Шэн Цинжан не ответил. Собеседник продолжил:
— Мы ведь договаривались подробно обсудить всё в среду, но у меня внезапно возникли неотложные дела, боюсь, в тот день не смогу. Очень извиняюсь… Может, перенесём? Как тебе суббота?
Тишина на другой стороне заставила его насторожиться.
— Алло? — переспросил он и добавил: — Это ведь Цзун Ин?
Шэн Цинжан очнулся:
— Извините, я не Цзун Ин, но могу ей передать. С кем имею честь говорить?
Незнакомец на миг замялся, но затем пояснил:
— Моя фамилия Чжан. Я тот самый адвокат, что помогает ей с имущественными вопросами. Хотел бы перенести встречу со среды на субботу после обеда.
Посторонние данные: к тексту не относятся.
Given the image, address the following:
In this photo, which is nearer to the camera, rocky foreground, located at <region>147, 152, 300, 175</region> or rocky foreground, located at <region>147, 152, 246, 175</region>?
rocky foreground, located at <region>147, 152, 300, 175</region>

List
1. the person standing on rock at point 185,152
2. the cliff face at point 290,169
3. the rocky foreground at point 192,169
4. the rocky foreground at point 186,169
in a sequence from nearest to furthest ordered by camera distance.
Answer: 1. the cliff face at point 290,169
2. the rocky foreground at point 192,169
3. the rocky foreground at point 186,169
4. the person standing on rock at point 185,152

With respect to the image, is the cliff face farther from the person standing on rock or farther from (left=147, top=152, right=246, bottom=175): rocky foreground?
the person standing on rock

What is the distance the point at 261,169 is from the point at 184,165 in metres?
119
Передайте ей, пожалуйста, и попросите непременно подтвердить.
Шэн нахмурился и осторожно переспросил:
— Имущественные вопросы?
— Верно, — без всяких попыток сохранить тайну выпалил адвокат Чжан: — Насколько я понял, она намерена составить завещание.
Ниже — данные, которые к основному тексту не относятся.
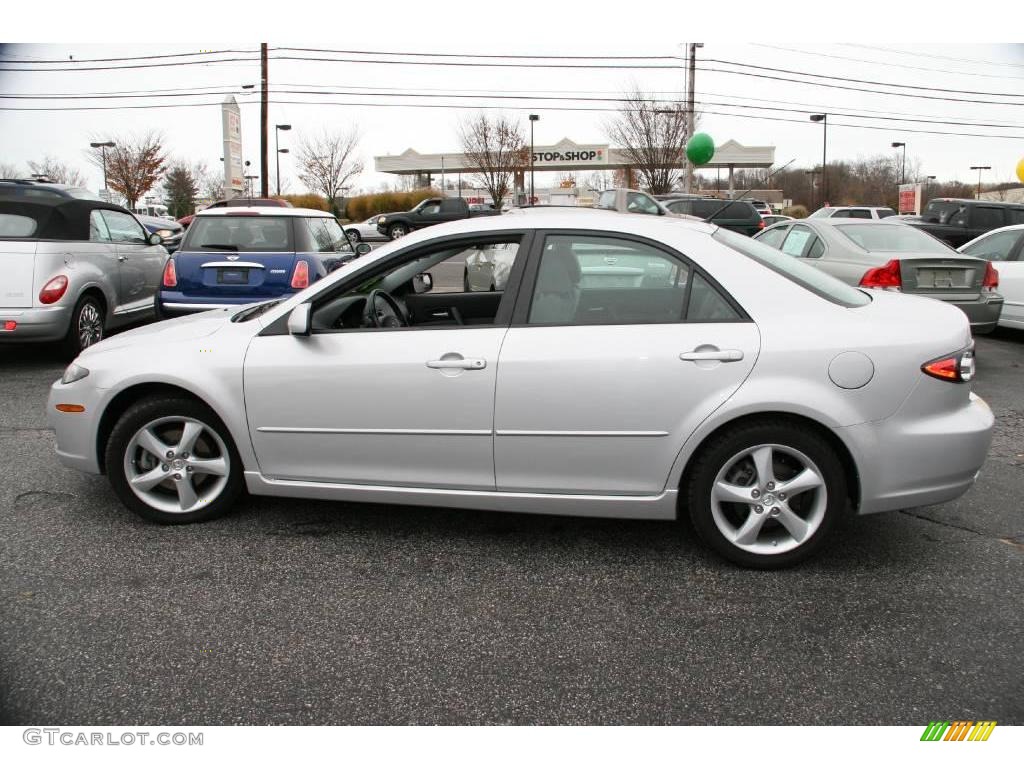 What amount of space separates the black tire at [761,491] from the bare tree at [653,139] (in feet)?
129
Шэн Цинжан хотел задать ещё вопросы, но в трубке раздались короткие гудки.
Резкий «ту-ту-ту» разорвал тишину, и квартира вновь погрузилась в гнетущее безмолвие. Мужчина поднял фотографию Цзун Ин, стоявшую на столике, и тревога, уже теснившая сердце, стала ещё мучительней.
В таких условиях каждая минута тянулась как вечность.
Когда за окнами начало сереть, Цзун Ин вышла из укрытия, прижимая к себе голодного младенца. Рядом плёлся мальчик-подросток с красными от слёз глазами.
На улицах почти не встречались прохожие, исчез дневной шум и суета. У ворот концессии вповалку спали беженцы, а дежурный полицейский с газовым фонарём в руке прохаживался внутри. Увидев женщину с двумя детьми и измученным лицом, он лишь скользнул по ней взглядом и прошёл мимо.
Цзун Ин обернулась и пошла обратно. Китайская часть теперь казалась воплощением запустения: ни одна лавка не открыта, а оставшиеся у неё в кармане две монеты не имели никакой ценности.
Младенец, настрадавшийся от крика, погрузился в беспокойный сон. Но покой был обманчивым: без пищи он не выдержит, и всё его усилие появиться на этот кровавый свет окажется напрасным.
Вдруг издалека, взметая пыль, промчался армейский джип защитного цвета. Он резко остановился в сотне метров от ворот концессии. Из кузова спрыгнули два солдата национальной армии, за ними с переднего сиденья вышел молодой офицер. Судя по всему, они осматривали укрепления.
Цзун Ин остановилась в нескольких шагах и пристально всмотрелась. Офицер, закончив обход, направился обратно к машине.
В сером свете рассвета он снял фуражку и, нахмурившись, закурил сигарету.
Цзун Ин узнала его, того самого юношу в военной форме, что смотрел с семейного портрета в гостиной семьи Шэн.